И вдруг еще одна русская книга – сочинение Эн Be Гоголя.
Беру книгу, ухожу в сад, устраиваюсь в ажурной беседке и принимаюсь читать «Вечера на хуторе близ Диканьки».
Вот тут я окончательно погибаю. Ухожу в новый, неведомый доселе мир, где чудесная фантазия Гоголя очаровывает сознание, и упиваюсь удивительно мягкой красотой и ясными, чистыми образами новой жизни.
Вот кто умеет писать! Вот как надо рисовать человека и природу!
Гоголь окончательно покоряет меня, и только наступившие сумерки напоминают мне, что пора домой.
За отсутствием Харченко обязанности управляющего исполняет Гуссейн. По всему видно, что этот человек хорошо знает свое дело.
Всюду чистота и порядок. Нет такого уголка, куда бы не заглядывал Гуссейн. Не могу привыкнуть к этому человеку. В его мягкой, звериной походке, в его улыбке и во взгляде черных глаз я замечаю необычайную хитрость. Он всем интересуется, даже моим сочинительством, а однажды вечером он упрашивает меня прочесть ему немножко из моих писаний.
Я соглашаюсь и с большим чувством декламирую последние свои стихи.
Гуссейн внимательно выслушивает, а потом, обычным жестом погладив бороду, наполняет глаза маслянистой влагой и говорит:
– Хорошо… Все хорошо… А зачем ты пишешь «земля, земля»?.. А почему ты неба не видишь? Небо лучше земли. Там аллах и золотые арыки из звезд, и луна ходит кругом… А ты все земля, девушка, любовь, и больше ничего… Ты неба давай. И когда напишешь – минэ читай – добавляет Гуссейн и уходит.

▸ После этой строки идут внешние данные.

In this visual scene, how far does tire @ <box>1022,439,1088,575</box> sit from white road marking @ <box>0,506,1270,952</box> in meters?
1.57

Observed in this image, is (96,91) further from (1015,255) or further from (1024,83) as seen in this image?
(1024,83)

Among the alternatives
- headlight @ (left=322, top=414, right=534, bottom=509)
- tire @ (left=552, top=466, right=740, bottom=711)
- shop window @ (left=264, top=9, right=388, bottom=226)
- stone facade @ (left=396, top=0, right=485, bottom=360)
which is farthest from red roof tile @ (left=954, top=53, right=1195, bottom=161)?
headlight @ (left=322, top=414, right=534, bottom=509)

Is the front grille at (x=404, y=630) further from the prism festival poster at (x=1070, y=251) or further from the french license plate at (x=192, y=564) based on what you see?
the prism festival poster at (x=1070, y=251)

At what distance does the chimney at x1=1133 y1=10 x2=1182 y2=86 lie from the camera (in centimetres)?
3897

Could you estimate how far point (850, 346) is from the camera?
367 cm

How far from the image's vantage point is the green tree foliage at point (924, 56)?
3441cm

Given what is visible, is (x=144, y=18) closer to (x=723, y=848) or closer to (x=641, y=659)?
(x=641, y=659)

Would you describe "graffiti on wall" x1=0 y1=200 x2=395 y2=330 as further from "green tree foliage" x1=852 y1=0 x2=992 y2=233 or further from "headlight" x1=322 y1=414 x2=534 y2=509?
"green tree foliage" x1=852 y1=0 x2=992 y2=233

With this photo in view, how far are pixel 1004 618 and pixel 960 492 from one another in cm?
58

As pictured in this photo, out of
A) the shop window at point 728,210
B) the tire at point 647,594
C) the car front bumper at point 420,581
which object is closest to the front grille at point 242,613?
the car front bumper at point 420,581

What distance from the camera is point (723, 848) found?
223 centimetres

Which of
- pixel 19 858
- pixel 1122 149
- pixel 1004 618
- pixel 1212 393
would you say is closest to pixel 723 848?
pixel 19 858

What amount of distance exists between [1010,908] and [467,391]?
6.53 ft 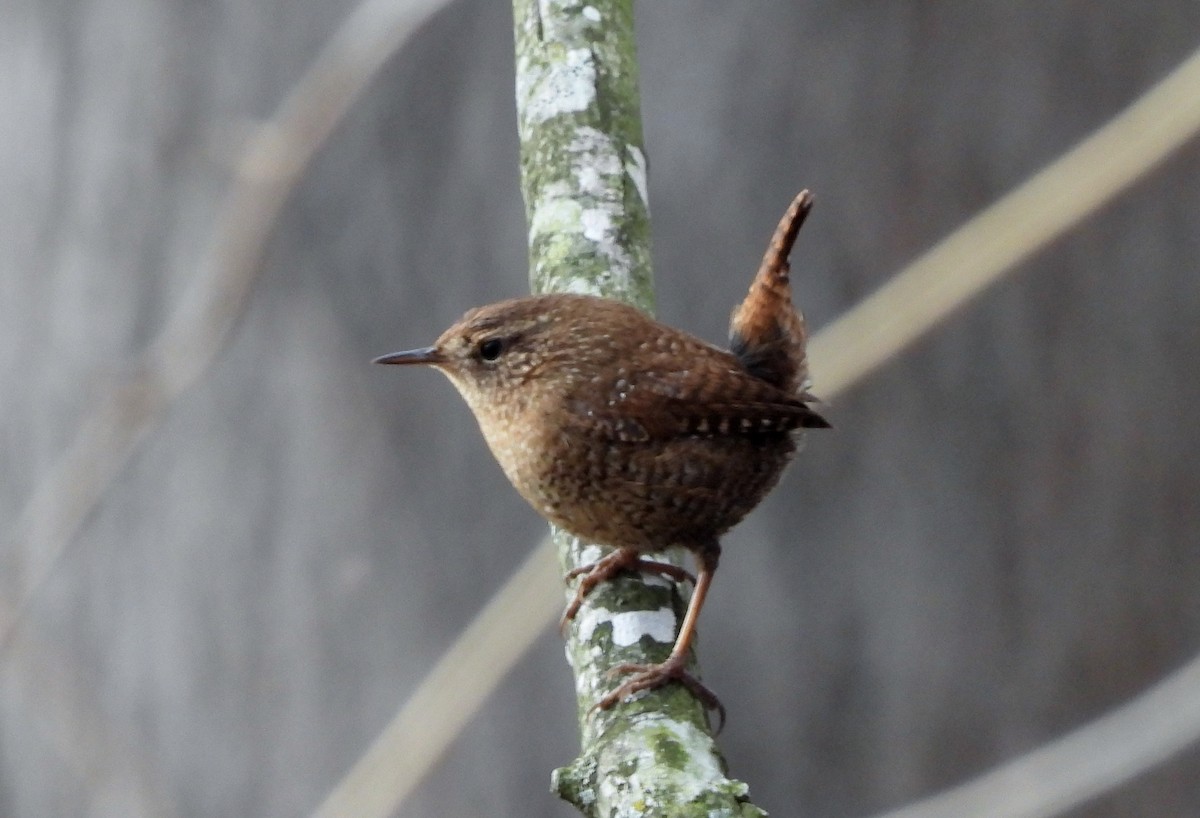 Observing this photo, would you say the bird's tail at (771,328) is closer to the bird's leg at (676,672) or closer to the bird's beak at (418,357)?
the bird's leg at (676,672)

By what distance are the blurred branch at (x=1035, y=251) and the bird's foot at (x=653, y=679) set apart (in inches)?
50.7

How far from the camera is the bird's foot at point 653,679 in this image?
156 cm

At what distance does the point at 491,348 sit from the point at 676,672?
660mm

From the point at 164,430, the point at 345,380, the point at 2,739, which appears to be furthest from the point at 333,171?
the point at 2,739

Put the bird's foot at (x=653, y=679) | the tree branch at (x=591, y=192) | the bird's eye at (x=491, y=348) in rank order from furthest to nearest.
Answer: the bird's eye at (x=491, y=348) < the tree branch at (x=591, y=192) < the bird's foot at (x=653, y=679)

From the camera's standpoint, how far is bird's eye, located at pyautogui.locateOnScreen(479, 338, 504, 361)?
6.66ft

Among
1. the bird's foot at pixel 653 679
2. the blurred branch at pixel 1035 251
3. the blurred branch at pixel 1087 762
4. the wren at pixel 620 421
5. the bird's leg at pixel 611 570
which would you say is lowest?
the bird's foot at pixel 653 679

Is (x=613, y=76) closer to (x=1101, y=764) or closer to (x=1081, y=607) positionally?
(x=1081, y=607)

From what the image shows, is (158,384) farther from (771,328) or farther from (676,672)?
(676,672)

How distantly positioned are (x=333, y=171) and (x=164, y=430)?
0.81m

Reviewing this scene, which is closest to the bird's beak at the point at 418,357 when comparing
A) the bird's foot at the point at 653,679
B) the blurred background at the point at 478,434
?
the bird's foot at the point at 653,679

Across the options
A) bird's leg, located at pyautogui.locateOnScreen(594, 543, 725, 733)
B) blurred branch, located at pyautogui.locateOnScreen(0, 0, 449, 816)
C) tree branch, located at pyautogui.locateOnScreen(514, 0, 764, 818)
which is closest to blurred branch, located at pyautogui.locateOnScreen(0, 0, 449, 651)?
blurred branch, located at pyautogui.locateOnScreen(0, 0, 449, 816)

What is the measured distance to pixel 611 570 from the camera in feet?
6.35

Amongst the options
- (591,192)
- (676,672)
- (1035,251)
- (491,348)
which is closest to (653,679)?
(676,672)
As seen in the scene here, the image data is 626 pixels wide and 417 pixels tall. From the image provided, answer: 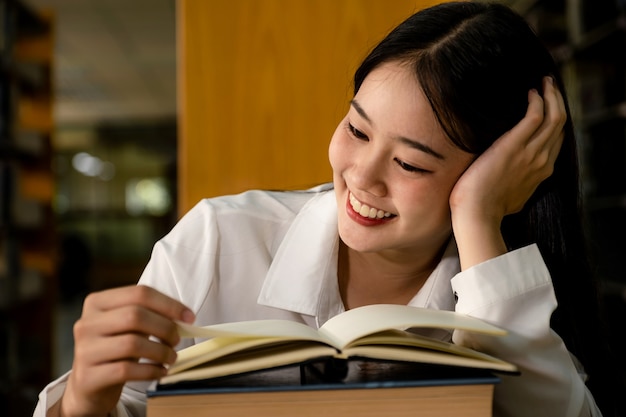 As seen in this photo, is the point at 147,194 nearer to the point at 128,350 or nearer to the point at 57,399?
the point at 57,399

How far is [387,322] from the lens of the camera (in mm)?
620

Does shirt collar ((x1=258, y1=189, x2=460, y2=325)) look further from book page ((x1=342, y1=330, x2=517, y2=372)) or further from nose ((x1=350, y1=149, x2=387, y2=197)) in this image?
book page ((x1=342, y1=330, x2=517, y2=372))

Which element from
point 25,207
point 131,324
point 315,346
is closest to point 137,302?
point 131,324

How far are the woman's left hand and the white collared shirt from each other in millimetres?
70

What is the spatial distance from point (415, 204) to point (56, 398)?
0.53m

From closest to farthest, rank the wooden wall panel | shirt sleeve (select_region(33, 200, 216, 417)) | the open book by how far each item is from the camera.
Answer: the open book, shirt sleeve (select_region(33, 200, 216, 417)), the wooden wall panel

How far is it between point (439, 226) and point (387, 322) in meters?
0.40

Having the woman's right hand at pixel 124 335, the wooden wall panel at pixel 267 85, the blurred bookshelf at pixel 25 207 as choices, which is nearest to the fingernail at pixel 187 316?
the woman's right hand at pixel 124 335

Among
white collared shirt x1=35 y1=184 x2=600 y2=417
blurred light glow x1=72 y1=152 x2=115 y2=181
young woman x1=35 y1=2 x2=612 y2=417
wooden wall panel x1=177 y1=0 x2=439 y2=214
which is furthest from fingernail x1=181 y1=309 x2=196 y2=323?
blurred light glow x1=72 y1=152 x2=115 y2=181

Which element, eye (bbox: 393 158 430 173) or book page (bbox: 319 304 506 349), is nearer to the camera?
book page (bbox: 319 304 506 349)

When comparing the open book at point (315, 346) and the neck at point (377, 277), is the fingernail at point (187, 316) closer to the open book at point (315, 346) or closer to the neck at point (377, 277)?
the open book at point (315, 346)

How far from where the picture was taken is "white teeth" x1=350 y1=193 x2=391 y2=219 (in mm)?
944

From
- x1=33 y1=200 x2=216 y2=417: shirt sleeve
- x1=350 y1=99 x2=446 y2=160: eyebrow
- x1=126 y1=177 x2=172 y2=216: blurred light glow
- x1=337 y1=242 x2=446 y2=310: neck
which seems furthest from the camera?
x1=126 y1=177 x2=172 y2=216: blurred light glow

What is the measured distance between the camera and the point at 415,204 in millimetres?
933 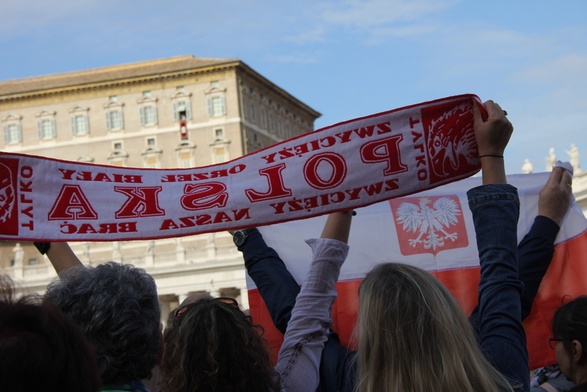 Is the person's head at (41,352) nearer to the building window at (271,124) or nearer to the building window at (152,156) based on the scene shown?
the building window at (152,156)

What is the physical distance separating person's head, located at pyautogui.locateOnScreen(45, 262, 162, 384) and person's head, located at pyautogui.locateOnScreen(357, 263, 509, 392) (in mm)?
517

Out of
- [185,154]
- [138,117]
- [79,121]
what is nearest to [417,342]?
[185,154]

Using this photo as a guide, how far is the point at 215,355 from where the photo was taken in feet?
9.00

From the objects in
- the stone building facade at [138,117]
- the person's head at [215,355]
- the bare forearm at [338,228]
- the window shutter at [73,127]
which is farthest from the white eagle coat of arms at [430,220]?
the window shutter at [73,127]

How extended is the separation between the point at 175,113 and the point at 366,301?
200 ft

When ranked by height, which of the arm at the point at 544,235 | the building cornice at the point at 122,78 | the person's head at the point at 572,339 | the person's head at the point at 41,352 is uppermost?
the building cornice at the point at 122,78

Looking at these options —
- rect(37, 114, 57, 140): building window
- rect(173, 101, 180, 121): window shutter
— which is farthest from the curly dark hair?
rect(37, 114, 57, 140): building window

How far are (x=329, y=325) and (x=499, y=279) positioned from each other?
0.66 m

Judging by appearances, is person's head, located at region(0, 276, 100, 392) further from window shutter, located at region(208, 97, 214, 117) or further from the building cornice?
window shutter, located at region(208, 97, 214, 117)

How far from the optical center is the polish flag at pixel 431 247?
4328mm

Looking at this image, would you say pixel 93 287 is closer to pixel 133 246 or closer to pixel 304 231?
pixel 304 231

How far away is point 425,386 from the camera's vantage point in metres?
2.43

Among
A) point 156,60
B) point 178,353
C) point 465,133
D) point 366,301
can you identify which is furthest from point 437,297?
point 156,60

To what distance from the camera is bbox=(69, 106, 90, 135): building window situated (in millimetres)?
62875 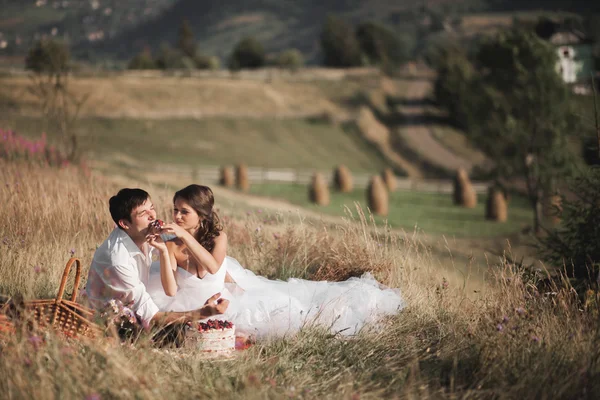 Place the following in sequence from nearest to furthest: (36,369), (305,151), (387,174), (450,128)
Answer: (36,369), (387,174), (305,151), (450,128)

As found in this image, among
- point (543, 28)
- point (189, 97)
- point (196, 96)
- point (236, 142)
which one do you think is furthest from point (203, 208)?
point (196, 96)

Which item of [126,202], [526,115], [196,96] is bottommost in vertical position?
[126,202]

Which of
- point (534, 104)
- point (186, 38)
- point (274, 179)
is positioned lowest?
point (274, 179)

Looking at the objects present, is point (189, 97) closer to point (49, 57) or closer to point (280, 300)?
point (49, 57)

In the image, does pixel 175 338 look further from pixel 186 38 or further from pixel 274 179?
pixel 186 38

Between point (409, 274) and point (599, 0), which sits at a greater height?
point (599, 0)

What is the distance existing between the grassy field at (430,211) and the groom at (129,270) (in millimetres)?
16198

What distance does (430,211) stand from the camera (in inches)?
1188

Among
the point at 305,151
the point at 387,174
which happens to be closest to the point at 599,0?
the point at 305,151

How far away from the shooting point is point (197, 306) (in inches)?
221

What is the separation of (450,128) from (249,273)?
209 ft

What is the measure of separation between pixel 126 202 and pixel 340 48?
9878 cm

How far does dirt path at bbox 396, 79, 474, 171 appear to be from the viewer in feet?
181

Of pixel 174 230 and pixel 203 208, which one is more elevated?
pixel 203 208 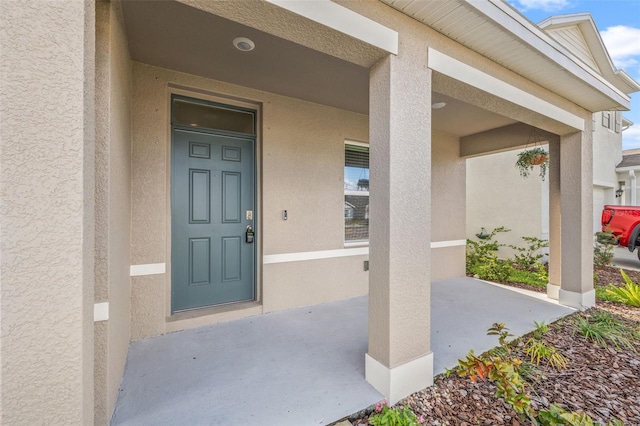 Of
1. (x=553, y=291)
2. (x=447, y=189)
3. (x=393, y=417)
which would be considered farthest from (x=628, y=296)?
(x=393, y=417)

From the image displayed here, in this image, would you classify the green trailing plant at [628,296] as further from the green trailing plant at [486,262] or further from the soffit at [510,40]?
the soffit at [510,40]

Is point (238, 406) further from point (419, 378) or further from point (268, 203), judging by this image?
point (268, 203)

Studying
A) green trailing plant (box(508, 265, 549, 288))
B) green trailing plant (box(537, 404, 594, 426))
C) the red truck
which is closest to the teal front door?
green trailing plant (box(537, 404, 594, 426))

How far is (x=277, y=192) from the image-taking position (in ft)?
11.9

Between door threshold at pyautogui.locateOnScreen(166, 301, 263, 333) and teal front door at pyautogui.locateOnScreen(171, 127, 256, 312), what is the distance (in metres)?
0.08

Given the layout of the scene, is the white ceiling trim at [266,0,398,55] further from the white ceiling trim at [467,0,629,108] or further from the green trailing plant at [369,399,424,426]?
the green trailing plant at [369,399,424,426]

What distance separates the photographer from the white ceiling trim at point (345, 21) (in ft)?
5.60

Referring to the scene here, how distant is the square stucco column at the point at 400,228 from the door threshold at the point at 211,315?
177 centimetres

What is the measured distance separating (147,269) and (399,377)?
2579 mm

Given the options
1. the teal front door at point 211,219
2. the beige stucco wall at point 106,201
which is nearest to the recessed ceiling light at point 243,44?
the beige stucco wall at point 106,201

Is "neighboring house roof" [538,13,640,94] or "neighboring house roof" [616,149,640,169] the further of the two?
"neighboring house roof" [616,149,640,169]

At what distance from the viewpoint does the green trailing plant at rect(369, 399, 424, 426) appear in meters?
1.78

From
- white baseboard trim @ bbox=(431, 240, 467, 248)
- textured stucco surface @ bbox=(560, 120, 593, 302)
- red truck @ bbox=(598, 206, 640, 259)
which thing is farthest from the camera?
red truck @ bbox=(598, 206, 640, 259)

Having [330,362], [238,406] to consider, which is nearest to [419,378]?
[330,362] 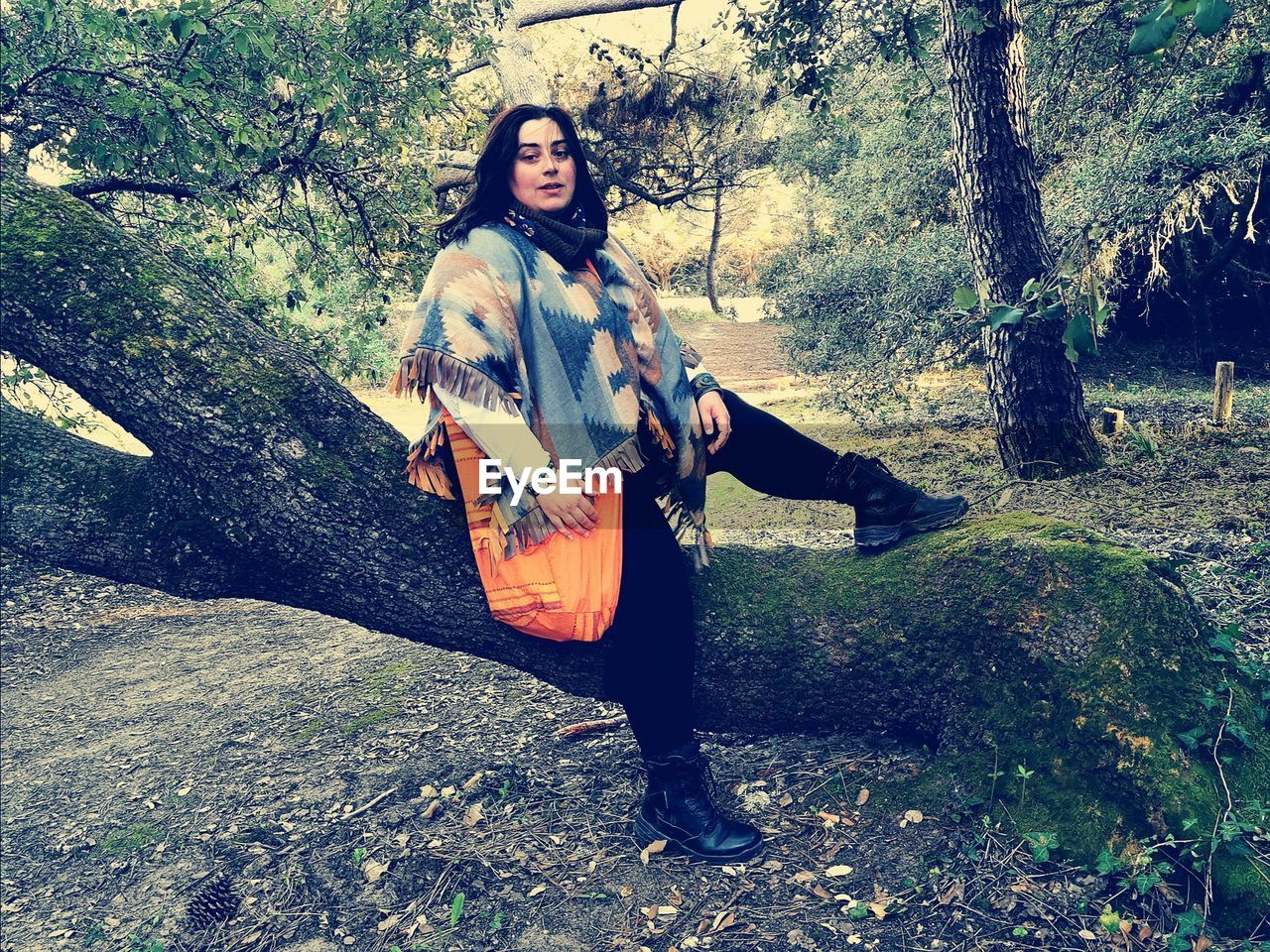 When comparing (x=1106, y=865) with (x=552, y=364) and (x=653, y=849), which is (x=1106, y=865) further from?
(x=552, y=364)

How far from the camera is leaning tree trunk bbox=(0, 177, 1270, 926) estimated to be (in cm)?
243

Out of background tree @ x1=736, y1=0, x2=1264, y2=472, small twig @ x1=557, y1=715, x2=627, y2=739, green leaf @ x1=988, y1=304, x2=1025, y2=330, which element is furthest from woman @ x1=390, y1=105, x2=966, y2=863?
background tree @ x1=736, y1=0, x2=1264, y2=472

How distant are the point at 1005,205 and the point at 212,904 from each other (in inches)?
242

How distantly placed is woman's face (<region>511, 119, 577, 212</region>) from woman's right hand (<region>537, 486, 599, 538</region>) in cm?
83

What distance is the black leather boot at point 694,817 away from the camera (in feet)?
8.29

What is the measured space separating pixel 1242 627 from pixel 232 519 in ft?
11.4

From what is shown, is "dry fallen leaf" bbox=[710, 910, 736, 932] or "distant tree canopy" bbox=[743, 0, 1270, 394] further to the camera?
"distant tree canopy" bbox=[743, 0, 1270, 394]

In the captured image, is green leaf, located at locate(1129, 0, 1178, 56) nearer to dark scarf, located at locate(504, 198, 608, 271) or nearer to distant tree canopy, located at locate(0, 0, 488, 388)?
dark scarf, located at locate(504, 198, 608, 271)

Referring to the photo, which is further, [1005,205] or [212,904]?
[1005,205]

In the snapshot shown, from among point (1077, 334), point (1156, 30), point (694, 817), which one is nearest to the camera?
point (1156, 30)

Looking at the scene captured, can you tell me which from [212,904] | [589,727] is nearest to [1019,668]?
[589,727]

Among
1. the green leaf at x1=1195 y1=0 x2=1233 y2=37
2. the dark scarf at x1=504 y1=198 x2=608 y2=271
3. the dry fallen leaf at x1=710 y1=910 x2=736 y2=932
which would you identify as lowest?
the dry fallen leaf at x1=710 y1=910 x2=736 y2=932

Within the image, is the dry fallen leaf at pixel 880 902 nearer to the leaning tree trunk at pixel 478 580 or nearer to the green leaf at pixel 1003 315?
the leaning tree trunk at pixel 478 580

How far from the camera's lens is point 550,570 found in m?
2.34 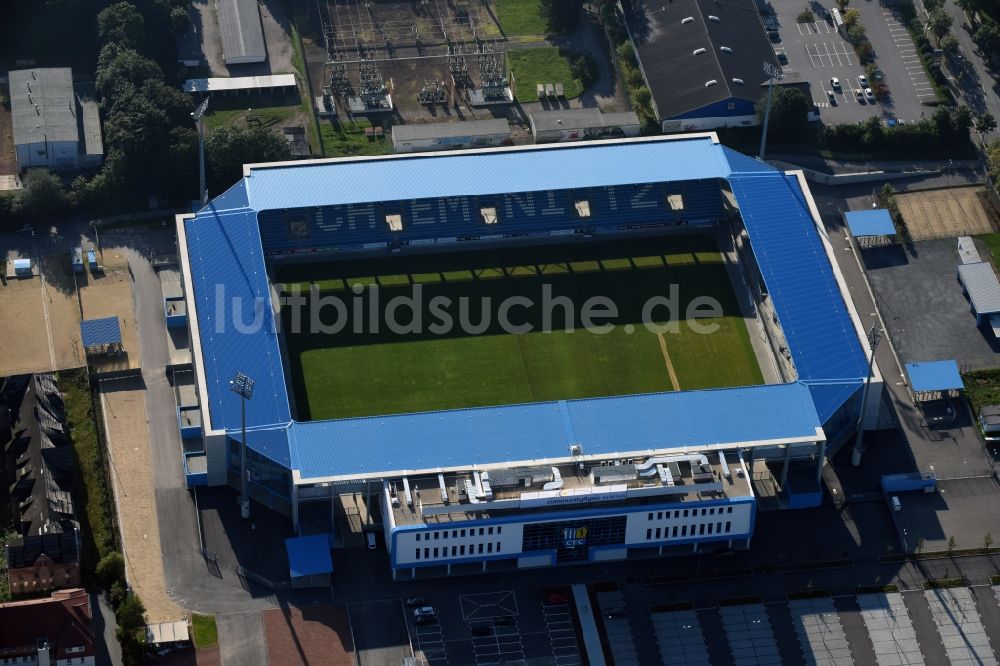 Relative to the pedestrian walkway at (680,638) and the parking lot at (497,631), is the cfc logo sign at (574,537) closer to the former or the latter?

Зато иным человеком является Михаиле Пивень – с ним мы быстро сходимся и становимся друзьями. Пивень – человек простой, бесхитростный и удивительно добрый. Он знакомит меня со всеми тайнами княжеского двора. Он очень любит свою хозяйку Надежду Александровну. Когда Пивень говорит о ней, у него лицо становится блаженным и улыбка стекает по длинным серым усам. Любовь к собакам сроднила их. Но помимо этого княгиня, по словам Михаилы, женщина редкой доброты и совсем не похожа на княгиню – со всеми слугами просто и без всякого раздражения.
Совсем другое рассказывает мне Пивень о великом князе Николае. По его словам, князь – человек строгий, жестокий и неожидан в своих поступках. То возьмет человека, поднимет его выше тополей, а то швырнет и сотрет, как пылинку.
– Вин дюже разумный… Такий разумный, что аж дурный… – заканчивает характеристику князя Пивень.
Первый возвращается Харченко. Он имеет утомленный и грустный вид. На все вопросы Пивня он безнадежно машет рукой.
– Уйду отсюда… А ну их всех к бису! – бросает Харченко и идет во дворец наводить порядок.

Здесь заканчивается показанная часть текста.